MAX_DELAY="${MAX_DELAY:-60}"
attempt=1
delay="$INITIAL_DELAY"
while true; do
if bb "$@"; then
exit 0
fi
exit_code=$?
if [ "$attempt" -ge "$MAX_ATTEMPTS" ]; then
echo "bb $* failed after $attempt attempts (exit $exit_code)" >&2
exit "$exit_code"
fi
# Add jitter: ±25% of the current delay
jitter=$(( RANDOM % (delay / 2 + 1) - delay / 4 ))
sleep_time=$(( delay + jitter ))
[ "$sleep_time" -lt 1 ] && sleep_time=1
echo "bb $* failed (exit $exit_code); retry $((attempt + 1))/$MAX_ATTEMPTS in ${sleep_time}s" >&2
sleep "$sleep_time"
attempt=$(( attempt + 1 ))
delay=$(( delay * 2 ))
[ "$delay" -gt "$MAX_DELAY" ] && delay="$MAX_DELAY"
done
Terminal window
chmod +x bb-retry.sh
# Read-only: safe to retry freely.
./bb-retry.sh pr list -w myworkspace -r myrepo --json > prs.json
# Tune the cap for big jobs.
MAX_ATTEMPTS=10 INITIAL_DELAY=5 ./bb-retry.sh pr view 42 --json

Recipe: retry only on a specific error code

Section titled “Recipe: retry only on a specific error code”

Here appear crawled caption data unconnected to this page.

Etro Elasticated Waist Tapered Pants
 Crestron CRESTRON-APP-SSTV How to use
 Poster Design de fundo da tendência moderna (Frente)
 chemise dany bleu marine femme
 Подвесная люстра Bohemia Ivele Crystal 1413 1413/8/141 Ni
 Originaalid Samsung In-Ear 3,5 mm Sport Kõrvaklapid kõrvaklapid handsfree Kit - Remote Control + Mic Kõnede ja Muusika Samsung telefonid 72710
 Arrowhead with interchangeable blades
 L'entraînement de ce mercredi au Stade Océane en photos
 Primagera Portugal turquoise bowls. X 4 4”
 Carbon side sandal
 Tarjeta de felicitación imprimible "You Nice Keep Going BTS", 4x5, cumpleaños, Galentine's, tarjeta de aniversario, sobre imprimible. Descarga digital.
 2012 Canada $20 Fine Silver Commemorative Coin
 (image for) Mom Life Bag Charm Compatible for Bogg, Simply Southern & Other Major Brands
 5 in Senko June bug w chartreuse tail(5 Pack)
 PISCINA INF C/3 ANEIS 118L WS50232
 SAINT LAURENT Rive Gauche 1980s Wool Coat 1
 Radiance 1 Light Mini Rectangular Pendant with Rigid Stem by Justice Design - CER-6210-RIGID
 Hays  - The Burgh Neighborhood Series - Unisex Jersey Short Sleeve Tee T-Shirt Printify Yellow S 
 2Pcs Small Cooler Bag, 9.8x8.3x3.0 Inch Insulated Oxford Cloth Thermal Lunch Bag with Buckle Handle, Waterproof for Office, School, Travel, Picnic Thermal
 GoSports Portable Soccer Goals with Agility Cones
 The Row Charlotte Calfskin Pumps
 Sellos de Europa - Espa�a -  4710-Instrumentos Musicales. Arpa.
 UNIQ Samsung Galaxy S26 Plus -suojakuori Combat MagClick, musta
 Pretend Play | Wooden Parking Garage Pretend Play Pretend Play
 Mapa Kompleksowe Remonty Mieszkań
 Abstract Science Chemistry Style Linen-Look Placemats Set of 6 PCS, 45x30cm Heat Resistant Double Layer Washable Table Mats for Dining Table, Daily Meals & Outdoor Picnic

If you only want to retry on rate-limit errors and not on, say, authentication failures, parse the structured error:

bb-retry-on-rate-limit.sh
#!/bin/bash
set -euo pipefail
MAX_ATTEMPTS=5
attempt=1
delay=2
while true; do
err_file=$(mktemp)
if bb "$@" 2> "$err_file"; then
rm -f "$err_file"
exit 0
fi
err_msg=$(cat "$err_file")
rm -f "$err_file"
# Retry only on rate-limit / transient gateway errors.
if echo "$err_msg" | grep -qE '429|502|503|504'; then
if [ "$attempt" -ge "$MAX_ATTEMPTS" ]; then
echo "$err_msg" >&2
exit 1
fi
echo "Transient error, retrying in ${delay}s..." >&2
sleep "$delay"
delay=$(( delay * 2 ))
attempt=$(( attempt + 1 ))
continue
fi
# Non-transient: fail fast.
echo "$err_msg" >&2
exit 1
done

The wrappers above are the right answer when the built-in retry has been exhausted. They are not the right answer for:

  • Auth failures (Authentication required) — retrying won’t help; fix the credentials.
  • 404 / not-found errors — these don’t get more found over time.
  • Validation errors (requireOption() failures) — these are bugs in your script, not transient.

The CLI exits with code 1 for all of these, same as for transient errors. Use the JSON error shape on stderr (.error.code) to distinguish them rather than retrying everything.